5e Congrès de novembre de santésuisse: Comment les réformes du système de santé peuvent-elles aboutir?

Pas de réduction des prestations, mais une plus grande efficacité

santésuisse soutient des réformes axées sur les besoins des assurés: l’accès de tout un chacun à un système de santé offrant des prestations de qualité à un prix abordable devrait être garanti à l’avenir également. Cela nécessite de véritables réformes, faute de quoi nous ne pourrons bientôt plus financer le système de santé. Au lieu de réduire et de rationner les prestations, il faut réaliser les traitements avec une plus grande efficacité et renoncer aux actes superflus.

Les coûts élevés des soins de santé préoccupent la population suisse. Nos concitoyens veulent encore avoir accès dans 20 ans à des soins médicaux de qualité à un prix raisonnable. Toutefois, les expériences des dernières années ont montré que les réformes d’envergure ont peine à s’imposer.
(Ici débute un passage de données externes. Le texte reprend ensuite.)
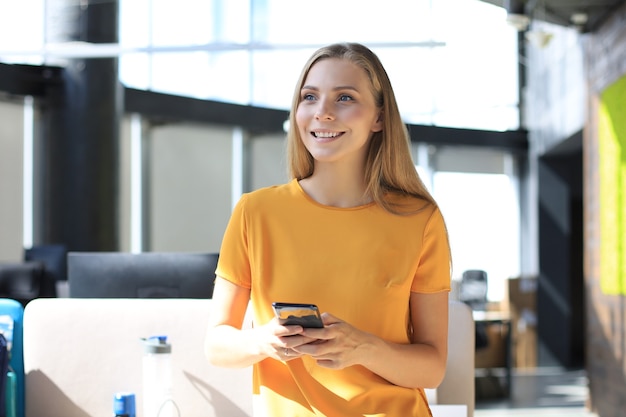 Beautiful business woman is using mobile phone while standing in the office.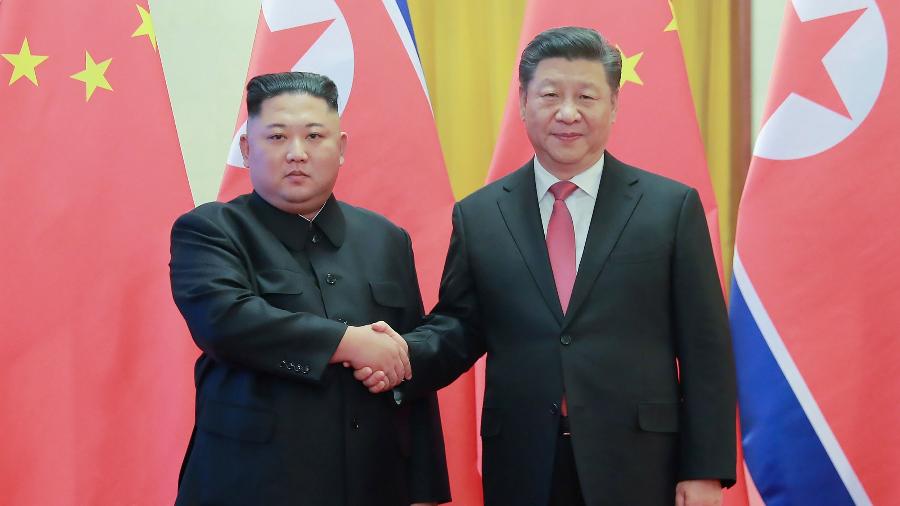 10.jan.2019 - Líder da Coreia do Norte, Kim Jong-un, aperta a mão do presidente chinês, Xi Jinping, durante visita à China - KCNA via KNS/AFP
Le 5e Congrès de novembre de santésuisse s’est intéressé à la question de savoir comment les réformes nécessaires peuvent néanmoins aboutir.

Les assurés veulent les meilleures prestations possibles à un prix abordable

Dans son analyse, le politologue Claude Longchamp est parvenu à la conclusion que les réformes de la politique de santé bénéficient du soutien des assurés dès lors qu’elles ne visent pas à réduire les prestations, mais privilégient plutôt une qualité élevée combinée à une efficacité accrue dans le traitement des patients. En prenant exemple sur le dossier électronique du patient, Rainer Thiel, directeur de la société empirica Gesellschaft für Kommunikations- und Technologieforschung à Bonn, a montré comment la mise en œuvre de tels projets se heurte à des difficultés. Selon une étude internationale, le système de santé suisse est à la traîne en matière de numérisation, notamment concernant l’introduction du dossier électronique du patient. Rainer Thiel a encouragé les acteurs à considérer la numérisation comme une opportunité. Elle permet de corriger les incitations inopportunes qui conduisent à une extension du volume des prestations ou à des structures inefficaces. Beatrix Eugster, professeure à l’Université de Saint-Gall, a expliqué à l’aide des résultats d’études comment des incitations malvenues conduisent à des traitements inutiles et à des coûts plus élevés. Elle a exhorté les instances politiques à adapter les conditions-cadres de manière à ce que les fournisseurs de prestations, les assureurs et les patients aient pour même intérêt de réduire les coûts.

Qualité transparente, soins coordonnés, médicaments à un prix avantageux

Les acteurs peuvent d’ores et déjà agir aujourd’hui. Des mesures qui peuvent être mises en œuvre à court terme pour réduire les coûts et accroître l’efficacité ont déjà été proposées. Le Parlement a récemment préparé le terrain pour que la qualité des soins doive bientôt également être mesurée et établie de manière transparente dans les cabinets médicaux et dans le domaine hospitalier ambulatoire. santésuisse appelle à une véritable concurrence au niveau de la qualité, dont les patients pourront bénéficier sous forme de traitements moins inutiles ou inefficaces. En matière de planification des soins, les cantons doivent enfin coordonner leurs offres au lieu de contribuer à un surapprovisionnement qui surenchérit les coûts. Dans le cas des médicaments, le principe du coût le plus avantageux doit prévaloir – dans le cas de différents médicaments contenant le même principe actif, seul le produit le moins cher est remboursé par l’assurance-maladie. Enfin, les assureurs-maladie sont également appelés à faire des progrès en termes d’efficacité et à développer davantage de modèles de soins innovants.